Re: Game Theory Question - Where do you put the number...?
Just to clarify:
Pre-Flop: Normal
Flop: Each person, starting at UTG (why not SB, btw?) can muck one card, leaving them w/a one card hand. If a person does so, they get n% of their pre-flop bet back. After that, play continues as normal.
If that's the case, then there are a few reasons to "reverse buy-back" (neato name, huh?):
1) You've made junk, and intend to fold. Therefore, you'd RBB for n>0.
2) You've made a nut draw but only need one card from your hand (i.e. Ac2s on a three-club board or on a board with QJT rainbow). Your incentive to RBB is rather high, and approaches n>0.
3) You have the third to a pair on the board, but your kicker isn't all that good (i.e. 98x on a board of 992). At that point, you have to assume you're ahead, so n>0 is fine. (If you're behind, you're very behind, but note that A9 has incentive to pitch the A as well.)
4) TPNK. In that case, n is hard to measure, b/c you don't know where you stand. The higher n, the more likely you'd pitch, but that's directly proportional to the size of the kicker.
5) A made four-card hand, which is exceptionally rare -- it'd have to be quads. In that case, one could argue that you'd not pitch, as you have a near-lock on the hand.
Given that #4 is the only violently variable situation (can anyone else provide others?), let's focus on that. Take the following board:
A[img]/images/graemlins/diamond.gif[/img] Q[img]/images/graemlins/club.gif[/img] 6[img]/images/graemlins/heart.gif[/img]

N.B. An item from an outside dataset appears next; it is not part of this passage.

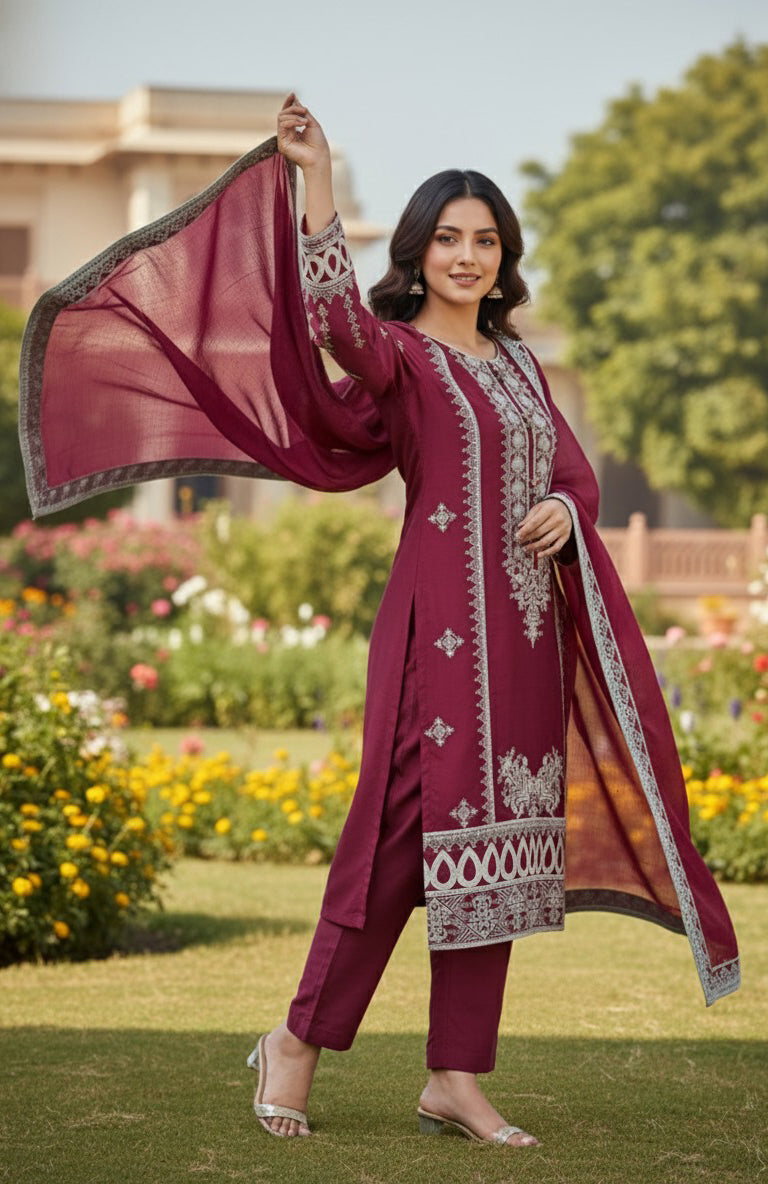 3PC  Embroidered Premium Viscose Pret-SU-14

Looking only at Ax hands, AA, AQ, and A6 are not going to toss the undercard, even if n=100. (Remember that they have no reason, giving your hypo, to think they are in anything other than the lead right now.) AK would probably need a very high n -- perhaps even n=100 -- but in that case, note that AK is about as valuable as A-rag.
Any rag 2 through 5 is going to pitch for n>20 or so, and it's not hard to compute. Put them against an A w/a higher kicker. Assume the kicker is going to keep its undercard. They have 3 outs to make their two pair, discounted some for the situation where they are already up against a better two pair. Figure out their EV, and find the break-even point, keeping in mind the possibility that they have the only ace. In any event, n could be as high as 100, but my gut says its closer to 20.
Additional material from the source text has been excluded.